If P and Q are the points of intersection of the circles$$ x^2 + y^2 + 3x + 7y +2p – 5= 0$$ and $$x^2 + y^2 +2x + 2y – p^2 = 0$$ then there is a circle passing through P, Q, and (1, 1) for ...
a)all except 2 values of p. b)all values of p. c) all except 1 value of p.
My working: $$s2= x^2 + y^2 + 3x + 7y +2p – 5= 0$$ and $$s1=x^2 + y^2 +2x + 2y – p^2 = 0$$ Equation of required circle is $S1+kS2=0$ (family of circles) Putting (1,1), I got $$k= \frac{2p+7}{p^2-6}.$$
Therefore, p is not equal to +/- root 6, i.e. excepting two values of p.

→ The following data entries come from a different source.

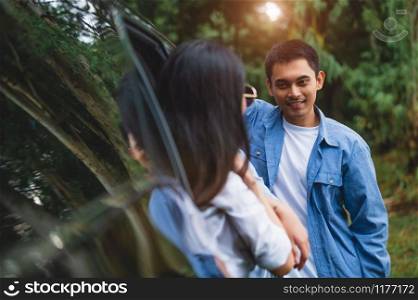 Asian man talking to women in car during travel in forest. Boy flirting girls for meeting. People lifestyles and weekend tour concept. Summer and nature theme. Mountain camping people group in holiday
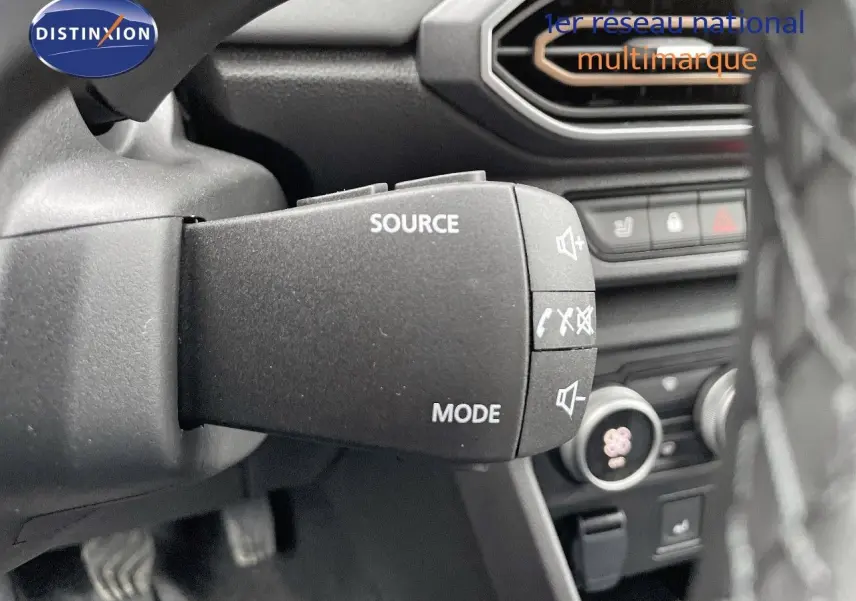 Gros plan sur la commande audio au volant du Dacia Jogger 2024, intérieur noir avec détails des boutons source et mode.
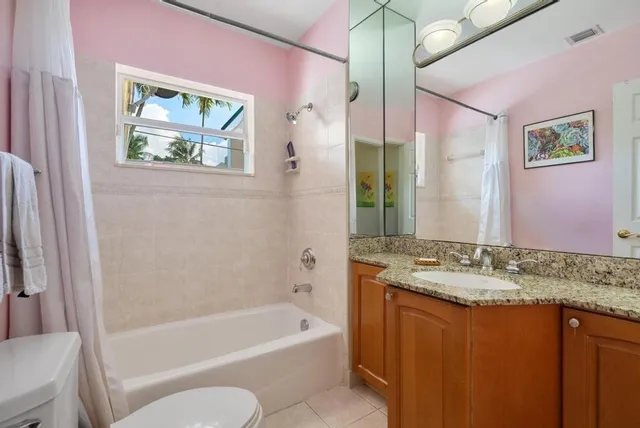 a bathroom with a granite countertop tub sink and mirror
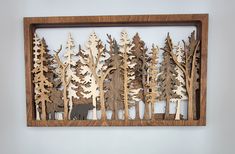 a wooden cutout of trees with an animal in the woods behind it on a wall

However, by using another method, I'm getting a different answer. $$s2=x^2 + y^2 + 3x + 7y +2p – 5$$ and $$s1=x^2 + y^2 +2x + 2y – p^2 = 0$$ Equation of $PQ= S1-S2.$
Equation of line$ L(PQ)=x+5y+p^2+2p-5.$ Required equation= $S1+ kL=0.$
$$ k= \frac{-2p-7}{(p+1)^2}.$$ Therefore, p is not equal to -1, i.e. excepting one value of p.
The discrepancy arises from the way that you’ve parameterized the family of circles in your first approach. There’s no value of $k$ for which the combination $S_1+kS_2$ produces $S_2$ itself, which is fine as long as $S_2$ doesn’t pass through $(1,1)$, but it in fact does so when $p=\pm\sqrt6$. That’s the true significance of the values of $p$ that you found there.
You might try the combination $kS_1+S_2$ instead, but that suffers from the same problem: $S_1$ passes through $(1,1)$ when $p=-7/2$. You need to use the affine combination $(1-k)S_1+kS_2$ to capture all of the possibilities. This is in fact the same as your second method: $S_1+kL = S_1+k(S_2-S_1)=(1-k)S_1+kS_2$. (Contrary to what you wrote, you actually used $S_2-S_1$, not $S_1-S_2$.) Note that this set of affine combination doesn’t include $S_1-S_2$, but that’s a line, so we’re not interested in it.
It’s worth examining the case $p=-1$ to see why it’s special. For that value of $p$, the radical axis $L$ has the equation $x+5y=6$, which means that it passes through $(1,1)$. There is a linear combination of the two circles that passes through $(1,1)$, but it’s not a circle (unless you consider the line to be a circle with infinite radius).